(Task objective): Please output exactly the part of the records below that opens with the line containing "Podanie Hasła SMS" and closes with the line containing "Satin Fashion Scarf", both lines included, and nothing else.

(The data):
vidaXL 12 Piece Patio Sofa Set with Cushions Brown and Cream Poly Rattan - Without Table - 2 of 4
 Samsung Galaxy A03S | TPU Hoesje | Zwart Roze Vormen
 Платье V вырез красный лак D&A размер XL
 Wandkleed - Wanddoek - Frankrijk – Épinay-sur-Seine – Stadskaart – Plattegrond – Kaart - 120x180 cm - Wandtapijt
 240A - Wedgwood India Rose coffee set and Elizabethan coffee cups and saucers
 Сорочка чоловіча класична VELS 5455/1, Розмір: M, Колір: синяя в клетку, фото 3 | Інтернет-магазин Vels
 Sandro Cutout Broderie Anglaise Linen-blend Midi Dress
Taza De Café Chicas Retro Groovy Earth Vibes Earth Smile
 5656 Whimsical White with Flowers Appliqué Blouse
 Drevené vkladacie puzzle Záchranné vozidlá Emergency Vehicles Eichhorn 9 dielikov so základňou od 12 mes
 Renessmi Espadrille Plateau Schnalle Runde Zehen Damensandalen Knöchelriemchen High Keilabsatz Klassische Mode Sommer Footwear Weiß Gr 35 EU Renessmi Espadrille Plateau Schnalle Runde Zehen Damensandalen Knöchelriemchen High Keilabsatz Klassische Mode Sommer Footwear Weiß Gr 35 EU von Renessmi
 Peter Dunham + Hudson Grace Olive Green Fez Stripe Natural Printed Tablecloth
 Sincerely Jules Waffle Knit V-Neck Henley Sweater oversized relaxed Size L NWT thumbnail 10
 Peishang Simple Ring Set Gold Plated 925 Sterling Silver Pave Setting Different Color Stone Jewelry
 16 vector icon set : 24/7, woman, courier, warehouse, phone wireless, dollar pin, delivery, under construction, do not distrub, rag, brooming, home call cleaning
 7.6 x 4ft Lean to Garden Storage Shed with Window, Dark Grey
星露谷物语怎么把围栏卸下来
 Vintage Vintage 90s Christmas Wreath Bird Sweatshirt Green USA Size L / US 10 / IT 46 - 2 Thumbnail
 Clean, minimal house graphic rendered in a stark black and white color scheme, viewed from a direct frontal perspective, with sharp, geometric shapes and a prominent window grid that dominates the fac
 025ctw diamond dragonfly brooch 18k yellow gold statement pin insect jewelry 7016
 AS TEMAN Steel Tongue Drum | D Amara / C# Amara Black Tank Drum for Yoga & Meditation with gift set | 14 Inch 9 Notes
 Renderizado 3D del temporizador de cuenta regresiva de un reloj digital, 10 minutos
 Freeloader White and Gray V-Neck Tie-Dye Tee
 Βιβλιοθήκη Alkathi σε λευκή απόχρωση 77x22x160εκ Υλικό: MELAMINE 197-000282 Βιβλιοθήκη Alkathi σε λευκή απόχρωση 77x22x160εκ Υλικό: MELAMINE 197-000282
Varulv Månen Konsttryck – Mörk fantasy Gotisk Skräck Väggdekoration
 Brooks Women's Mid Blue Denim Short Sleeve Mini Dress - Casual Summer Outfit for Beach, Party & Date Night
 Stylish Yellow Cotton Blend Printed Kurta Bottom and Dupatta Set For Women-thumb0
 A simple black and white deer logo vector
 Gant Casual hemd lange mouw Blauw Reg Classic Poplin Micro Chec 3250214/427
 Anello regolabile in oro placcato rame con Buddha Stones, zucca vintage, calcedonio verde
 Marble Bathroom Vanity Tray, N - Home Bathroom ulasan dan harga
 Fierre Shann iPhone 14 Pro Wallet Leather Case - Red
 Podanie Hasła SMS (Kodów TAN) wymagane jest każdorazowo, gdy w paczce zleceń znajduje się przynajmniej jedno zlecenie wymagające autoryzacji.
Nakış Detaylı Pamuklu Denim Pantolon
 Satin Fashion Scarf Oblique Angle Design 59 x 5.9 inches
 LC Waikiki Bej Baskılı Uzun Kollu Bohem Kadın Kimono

(Worked solution):
 Podanie Hasła SMS (Kodów TAN) wymagane jest każdorazowo, gdy w paczce zleceń znajduje się przynajmniej jedno zlecenie wymagające autoryzacji.
Nakış Detaylı Pamuklu Denim Pantolon
 Satin Fashion Scarf Oblique Angle Design 59 x 5.9 inches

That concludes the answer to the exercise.